Namun di sisi lain, presiden juga menyatakan bahwa siapa pun boleh-boleh saja mengusulkan wacana penundaan pemilu dan perpanjangan masa jabatan presiden, menteri atau partai politik, sebab ini alam demokrasi. Bebas berpendapat.
Tetapi, kalau sudah pada pelaksanaan semuanya harus tunduk dan taat pada konstitusi.
Dosen dan Pengamat Politik Universitas Bakrie Muhammad Tri Andika, menilai pernyataan Presiden Jokowi masih bersayap.
Belum secara eksplisit dan tegas menolak wacana penundaan pemilu yang sempat diangkat oleh tiga orang ketua partai.
“Seharusnya, pernyataan Presiden tidak boleh bersayap. Harus tegas berdiri pada konstitusi yang berlaku saat ini,” kata Muhammad Tri Andika, Selasa (8/3).
Menurut Tri Andika, saat ini konstitusi kita mengatur masa jabatan maksimal 2 kali. Karenanya, seharusnya pernyataan Presiden Jokowi sejalan dengan konstitusi itu.
Tidak perlu membuka wacana lain di luar konstitusi, meski atas nama demokrasi.
“Kalau masih seperti ini pernyataannya, kita masih ragu, apakah Presiden mendukung Pemilu 2024 berjalan sesuai konstitusi saat ini atau tidak,” ucap Andika.
Bagi Andika, aktor yang terus mendorong wacana ini adalah politisi yang tidak ingin kehilangan jabatannya.
JIka ada ketua umum partai atau anggota DPR yang juga mendukung, artinya mereka ini tidak siap berkompetisi, minim prestasi. Sehingga tidak percaya diri terpilih lagi dalam pemilu mendatang.
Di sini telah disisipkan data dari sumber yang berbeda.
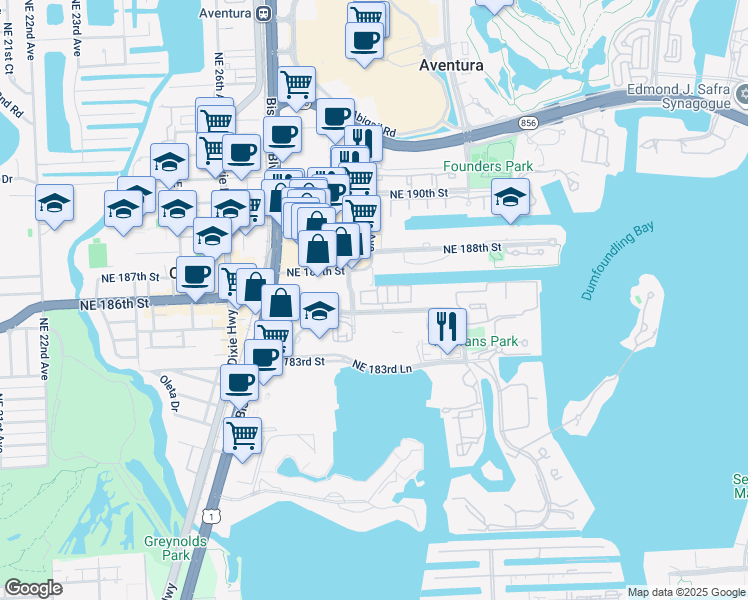 map of restaurants, bars, coffee shops, grocery stores, and more near 2104 Northeast 185th Street in Aventura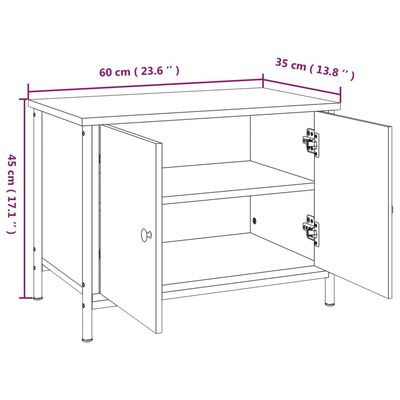 vidaXL TV-benk svart med dører 60x35x45 cm konstruert tre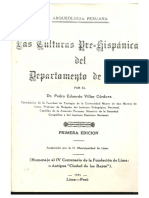 VILLAR CÓRDOVA, P. 1935. Las Culturas Pre-hispánica Del Departamento de Lima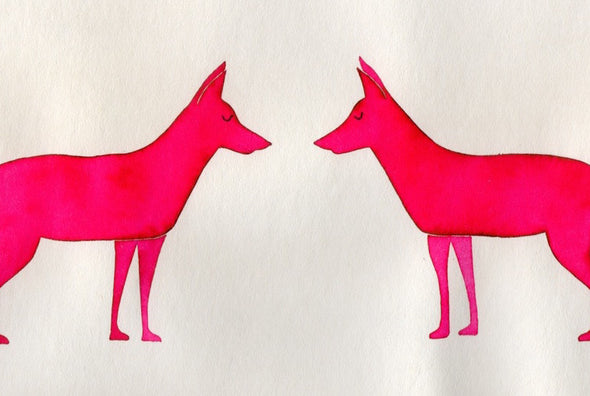 pink neon fox animal watercolour  greetings card at Kabinshop .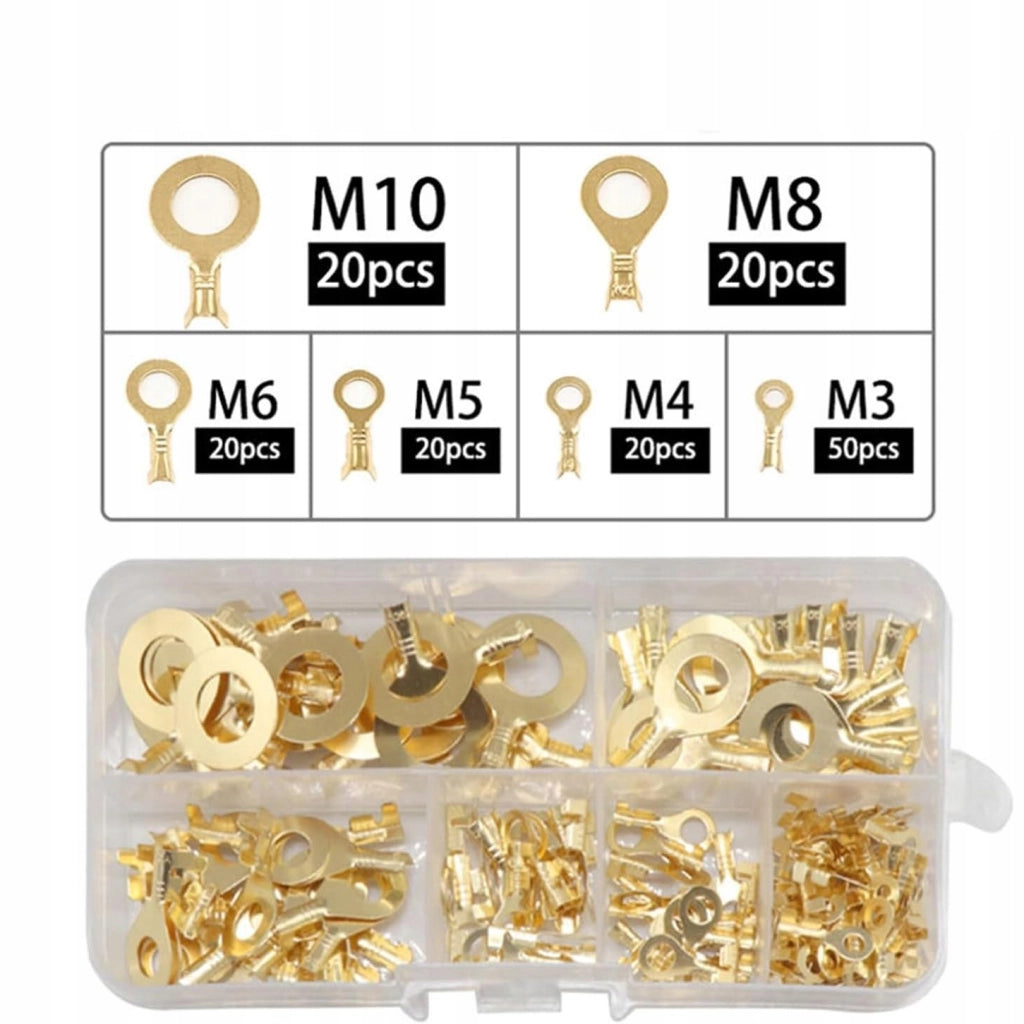 Set di Connettori Oculari M3-M10 150 Pezzi – Ottone di Alta Qualità, Alta Conduttività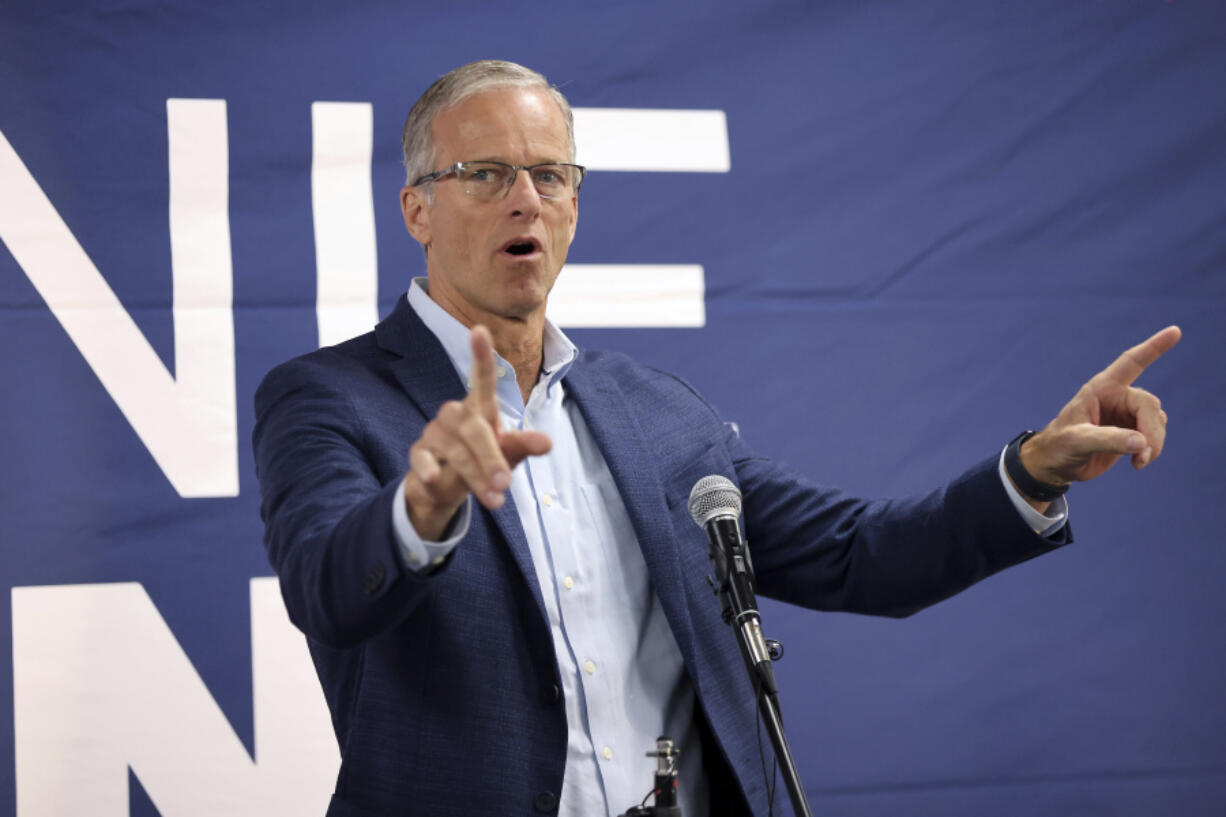 Sen. John Thune of South Dakota, speaks in support of Ohio Republican candidate for the United States Senate, Bernie Moreno (not pictured) during a bus tour stop for the Ohio Senate race in Columbus, Ohio, Monday, Oct. 28, 2024.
Oleh karena itu, elit-elit partai dan bahkan Presiden Jokowi harus menghentikan pikiran-pikiran liar seperti perpanjangan masa jabatan presiden.
“Tidak ada urgensi apapun untuk menunda pemilu 2024. Kalau wacana ini terus bergulir, akan ada biaya politik dan sosial yang sangat besar yang akan ditanggung bangsa kita,” kata Muhammad Tri Andika, Dosen Ilmu Politik Universitas Bakrie.